Now go back to the tallest part by right clicking on the “Former Sketch G” object and choosing “Edit Sketch”. I am going to draw the “main” former poly in this sketch. It will be the one that is the tallest, so I sketch the largest part of the fuselage. NOTE that if I draw the entire shape, it is extremely difficult to make the right side exactly the same as the left side. The solution is to only draw one half of the shape (I call this the “D” method). I try to draw this shape in as few points as possible and still get a reasonably good fit to the shape. The reason is that I’m going to copy this poly and resize it and modify it to make all the other former shapes. It is easier to move a few points than a bunch. I used 8 points for this main former shape.
One other important thing to do is to make sure the points at the end of the straight side of the “D” are exactly on the centerline of the sketch. This is easiest to do by turning on the “Grid Snap” and moving these two points to the nearest grid intersection. If the grid resolution is too coarse, you can make it finer by choosing the “Grid Options” from the drop down arrow on the “Sketch Grid” button and changing the “Ticks per Division”. You may need to refresh the view to see the change (easiest to do by rolling the mouse wheel a click).
As I mentioned, I only draw one polygon, then copy it and paste it into the next drawing, and modify its position and shape. This keeps the number of points the same, which I find makes for a better result in the final fuselage.
I select the finished “D” shape and copy it. I then work my way to the front of the fuselage, so I right click the “Former Sketch F” object and choose “Edit Sketch”. I paste the poly. I think about the shape of the fuselage at this former location, and I adjust the size and shape of the poly as I think is needed for this location. Some people are better than others at visualizing how the shape will change. I use the guide polygons to help me. By clicking on the sketch “Rotate” button and rotating the view, I can see how much I need to move the top, bottom and side points to conform to the guide outlines. I alternately click the sketch “Rotate” button, rotate the view to see how much I need to move them, turn off the “Rotate”, move the points, turn on the “Rotate” and examine how close I am, and continue this process until I’m happy. When the top, bottom and side points are in position, I flat view in the drawing and move the rest of the points to get the general shape of the former at this position.
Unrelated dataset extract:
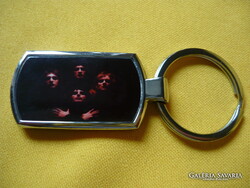 QUEEN FÉM KULCSTARTÓ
I now copy this polygon (the one in “F”), and edit the next one (sketch “E”), pasting it in position and modifying it to what I think best fits the fuselage shape, using whatever hints I can see in the front view of the trace picture. I continue this for the rest of the former locations going forward until I have finished the very front of the fuselage (sketch “A”). Note that although the former polygon in sketch “A” is very small, I still use the shape with all of its points. I just make it much smaller.
When the front of the fuselage is complete I return to sketch G, copy the polygon from that location, then edit sketch “H”, paste it and modify it. When I’m satisfied, I copy it and paste it in sketch “I”. I continue this for the rest of the former locations going rearward until I have finished the rear of the fuselage.
The picture shows all of the completed “D” shaped former polygons in position. The last former sketch “K” is being edited so you can see the trace picture in that sketch plane.
Skinning the Fuselage
It’s time to put the skin on this half of the fuselage. I click on the Home category and click the “Rotate” gadget there. This get’s me out of the sketch editing mode. I then hide the first two sketches so I can’t accidentally select the outline guide polygons.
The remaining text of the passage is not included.